Making a muslin as the first step in a new pattern is essential, but I would be lying if I said I made a muslin every time I start a new project. If the fit of the final garment is going to be super loose, I’ve read through the pattern and feel comfortable with all the techniques needed and it is a knit pattern, I may skip the muslin entirely - for the Jeanne out of our linen knit, this is exactly what I did. I often lengthen patterns like this right off the bat by 1 - 2 inches as an easy full bust adjustment.
On the other hand, if the pattern is very fitted, I’ve never made it before, and it is a special occasion garment, then I will do the full-on muslin. For me, that usually means sewing up the pieces where I am concerned about the fit (usually only the bodice). I will complete one sleeve as well to check for the fit there too. In general, I use a large 1” seam allowance and machine-baste it together. This muslin is meant to be slashed and marked on, and in general I know I’m in for a couple of rounds of paper pattern adjustments as well. Sometimes sitting down with my rulers and pencils and paper is exactly how I want to spend an afternoon!

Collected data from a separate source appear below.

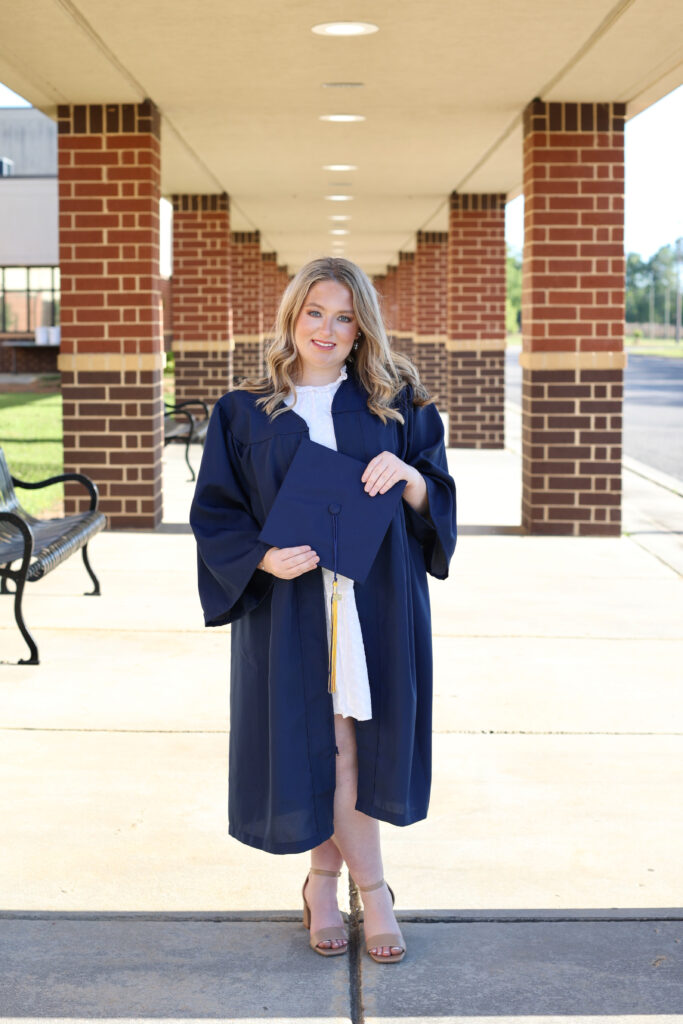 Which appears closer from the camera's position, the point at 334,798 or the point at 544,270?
the point at 334,798

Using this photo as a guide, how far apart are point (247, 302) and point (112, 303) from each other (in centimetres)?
1497

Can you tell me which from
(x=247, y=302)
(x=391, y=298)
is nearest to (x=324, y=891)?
(x=247, y=302)

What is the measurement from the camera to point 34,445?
17984mm

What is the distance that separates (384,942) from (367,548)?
994 mm

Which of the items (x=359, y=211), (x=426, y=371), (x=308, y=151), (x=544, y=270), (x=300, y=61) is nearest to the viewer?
(x=300, y=61)

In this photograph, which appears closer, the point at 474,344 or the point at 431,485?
the point at 431,485

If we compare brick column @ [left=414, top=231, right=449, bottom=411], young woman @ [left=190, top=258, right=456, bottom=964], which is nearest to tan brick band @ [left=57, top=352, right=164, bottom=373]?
young woman @ [left=190, top=258, right=456, bottom=964]

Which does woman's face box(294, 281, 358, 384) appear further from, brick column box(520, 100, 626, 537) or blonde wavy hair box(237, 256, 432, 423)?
brick column box(520, 100, 626, 537)

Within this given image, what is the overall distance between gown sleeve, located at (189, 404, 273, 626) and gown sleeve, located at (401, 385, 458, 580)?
0.42 m

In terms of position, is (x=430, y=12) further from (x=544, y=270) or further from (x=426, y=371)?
(x=426, y=371)

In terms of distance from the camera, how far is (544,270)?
1048 centimetres

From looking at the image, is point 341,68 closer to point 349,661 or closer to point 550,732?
point 550,732

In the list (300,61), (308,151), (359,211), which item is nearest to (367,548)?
(300,61)

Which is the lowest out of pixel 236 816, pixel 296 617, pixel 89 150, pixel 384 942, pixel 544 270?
pixel 384 942
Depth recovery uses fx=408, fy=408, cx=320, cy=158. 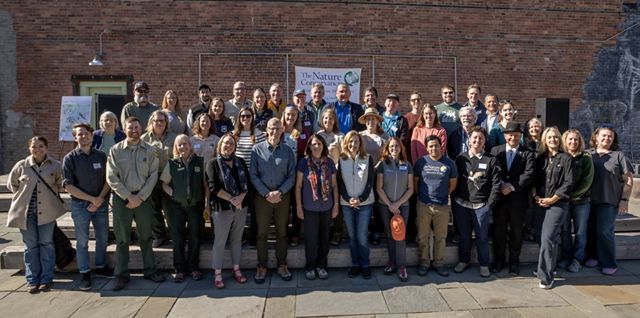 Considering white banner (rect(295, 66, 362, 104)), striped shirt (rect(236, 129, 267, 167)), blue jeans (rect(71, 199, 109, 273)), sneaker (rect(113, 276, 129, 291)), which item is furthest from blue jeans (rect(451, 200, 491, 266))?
white banner (rect(295, 66, 362, 104))

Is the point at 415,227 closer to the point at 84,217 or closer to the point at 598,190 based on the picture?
the point at 598,190

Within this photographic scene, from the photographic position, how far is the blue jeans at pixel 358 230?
4777 mm

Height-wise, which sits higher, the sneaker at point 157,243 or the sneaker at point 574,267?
the sneaker at point 157,243

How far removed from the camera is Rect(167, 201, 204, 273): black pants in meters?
4.62

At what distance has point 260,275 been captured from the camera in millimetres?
4727

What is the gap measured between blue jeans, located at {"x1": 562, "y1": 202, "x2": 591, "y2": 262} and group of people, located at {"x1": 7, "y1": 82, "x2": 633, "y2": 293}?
16 mm

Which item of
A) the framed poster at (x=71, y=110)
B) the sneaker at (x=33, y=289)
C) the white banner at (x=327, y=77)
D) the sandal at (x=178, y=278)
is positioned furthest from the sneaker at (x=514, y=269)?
the framed poster at (x=71, y=110)

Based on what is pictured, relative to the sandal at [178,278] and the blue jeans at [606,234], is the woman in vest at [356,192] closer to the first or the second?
the sandal at [178,278]

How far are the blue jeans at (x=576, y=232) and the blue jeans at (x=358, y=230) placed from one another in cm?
247

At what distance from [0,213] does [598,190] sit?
33.2 ft

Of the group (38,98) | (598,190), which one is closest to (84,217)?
(598,190)

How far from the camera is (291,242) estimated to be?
5305mm

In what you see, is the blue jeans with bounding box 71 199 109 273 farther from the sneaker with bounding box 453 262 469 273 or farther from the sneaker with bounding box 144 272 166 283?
the sneaker with bounding box 453 262 469 273

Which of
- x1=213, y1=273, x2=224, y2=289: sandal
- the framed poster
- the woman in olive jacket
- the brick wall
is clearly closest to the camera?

For most cases, though, I go for a “wearable muslin,” which sounds like an oxymoron. The genius of an approach like this is that wear the garment for a full day or afternoon to discover any fitting issues that may not be apparent when you are standing still in front of a mirror. This way you can pick up on needed adjustments through how the garment wears through the day. You might notice:
The armhole seemed fine when fitting but now pulls and feels tight as you’re emptying the dishwasher.
A shirt or dress without a defined waist keeps riding higher and higher because your bustline is lower and/or larger than the pattern accommodates, so you find yourself constantly tugging the hem down. (A common struggle of mine!)
The neckline lays flat and nice when you are standing in front of the mirror, but slips to one side and shows your bra strap or stands out from your neck and shoulders when you sit down.
In some ways, the wearable muslin is like a trial period with the garment. Sometimes the fitting issue is enough of a bother that the garment never actually makes it into your closet, sometimes it’s minor but good to note for the next time you make the pattern.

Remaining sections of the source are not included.